It's your ticket to a more fair and equitable workplace.

There is often an employer-enforced code of silence around salaries. If they don't outright prohibit it, companies might discourage pay discussions among staff because they say it creates discomfort or resentment within the ranks of employees. The benefit to employers of making these rules is that they can save money by paying some staff members less for doing the same job as others, and they can save themselves headaches by leaving employees in the dark about pay inequities. Regardless of your employer's perspective, your right to share salary information is likely protected under the National Labor Relations Act. The law is broad and intended to cover as many employees as possible; you can check whether your company is of the type and budget to fall under the law at the National Labor Relations Board.

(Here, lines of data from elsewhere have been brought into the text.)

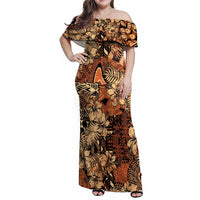 Hibiscus Mix African Pattern Family Matching Off Shoulder Maxi Dress and Hawaiian Shirt - Wonder Print Shop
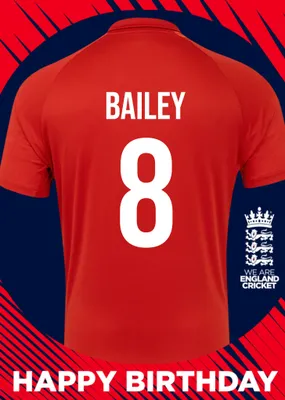 England Cricket 30th Birthday Fan Shirt Card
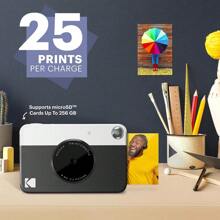 Kodak Printomatic Instant Camera, Art Bundle + Zink Paper 20 Sheets + 8x8 Cloth Scrapbook + 12 Twin Tip Markers + 100 Border Stickers + 6 Decorative Scissors + Washi Tape - ZINK 2x3" Sticky-Backed Photo Paper, Instant Print Camera With ZINK ZERO INK Technology - màu đen - Xem 6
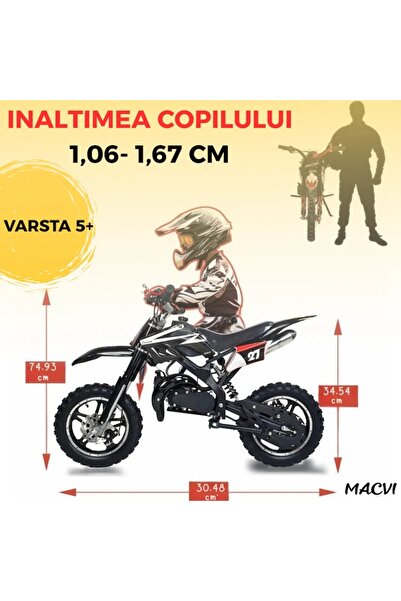 MACVI Macvi® cross motorcycle for children 49cc, petrol engine ideal for off road, Black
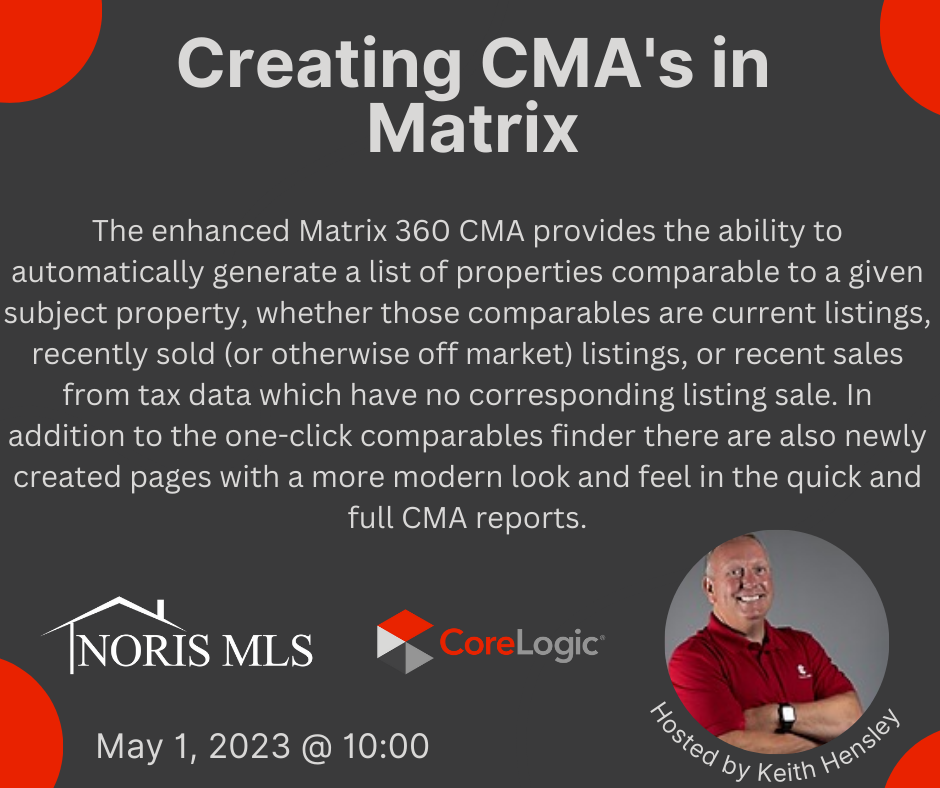 Creating CMA's in Matrix. The enhanced matrix 360 CMA provides the ability to automatically generate a list of properties comparable to a given subject property, whether those comparable are current listings, recently sold listings, or recent sales from tax data.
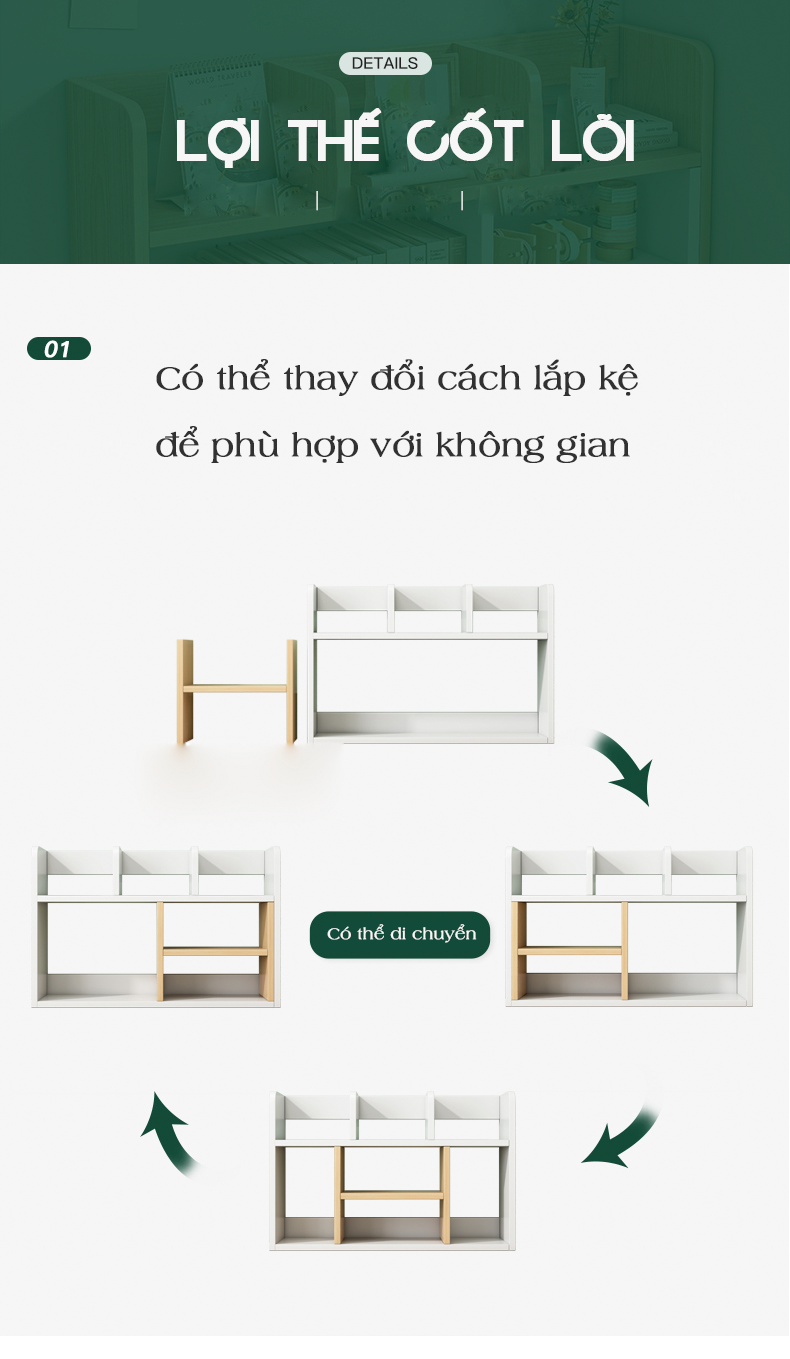 Kệ Sách Để Bàn, Giá Sách Thiết Kế Hiện Đại Thương Hiệu IGA - GP157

The NLRA was passed in 1935, with the intention of protecting workers' full freedom of association. This means that employees have the right to seek better working conditions and engage in collective bargaining without fear of retaliation by their employers. With this in mind, here are three ways that discussing salary with your colleagues can make your work life better.

1. It could make salaries more equitable

When it comes to your pay, if you're a woman, odds are you're already at a disadvantage. The gender pay gap has been gradually improving since 1960, when the average woman made $0.60 to the average man's $1 of salary. As of 2020, that figure was $0.83 on average, for all women. We've still got a lot of work to do to eliminate this gap entirely, and you can help the process along by talking about salaries with your coworkers. If you're a woman and you find out that some of your male colleagues make more than you (with similar experience and qualifications), it could be worth digging into further and possibly sitting down with your manager for a discussion. Pay inequality is even more pronounced for women of color; Black women make just 64% of the salary of white men, and Hispanic women 57%, according to the Department of Labor. If you learn of big inequities by gender or racial lines at your workplace, it could be a red flag worth discussing with an employment lawyer.

Even if the pay divides in your workplace have nothing to do with gender or race, it's for the good of all employees that they be standardized. After all, if you know that a colleague with more experience and training than you justifiably makes more money, that gives you something to strive for as you advance in your career.

2. It could improve coworker relationships

While this may sound counterintuitive, discussing salaries with your colleagues could improve your working relationships. It requires a lot of trust to discuss money and compensation with people you associate with for work. Some people are even uncomfortable discussing salary with their friends and family, after all. But if you have salary transparency, you can also build the kind of workplace where colleagues advocate for one another, encourage skills training, and work together for the common good: fairer salaries for all.

3. It could improve job satisfaction

Not to put too fine a point on it, but if your employer takes an arbitrary approach to salaries, rather than a standardized and transparent one, it could be an indication of a random approach to other aspects of the business. That's not a marker for success. Plus, employees are happier and more productive when they feel they are paid fairly, and have the encouragement and ability to rise to more challenges and negotiate for higher pay as they advance in their careers.

Armed with these reasons, you might feel a bit more confident initiating a salary discussion with some trusted coworkers. It is important to note that while your employer cannot legally forbid you from this, they can say you're not allowed to discuss pay on company time when you should be working, and some confidentiality agreements may forbid salary discussions with those outside the company. So keep these points in mind as you work toward a happier and more equitable workplace -- not to mention more money in your savings account to achieve your financial goals.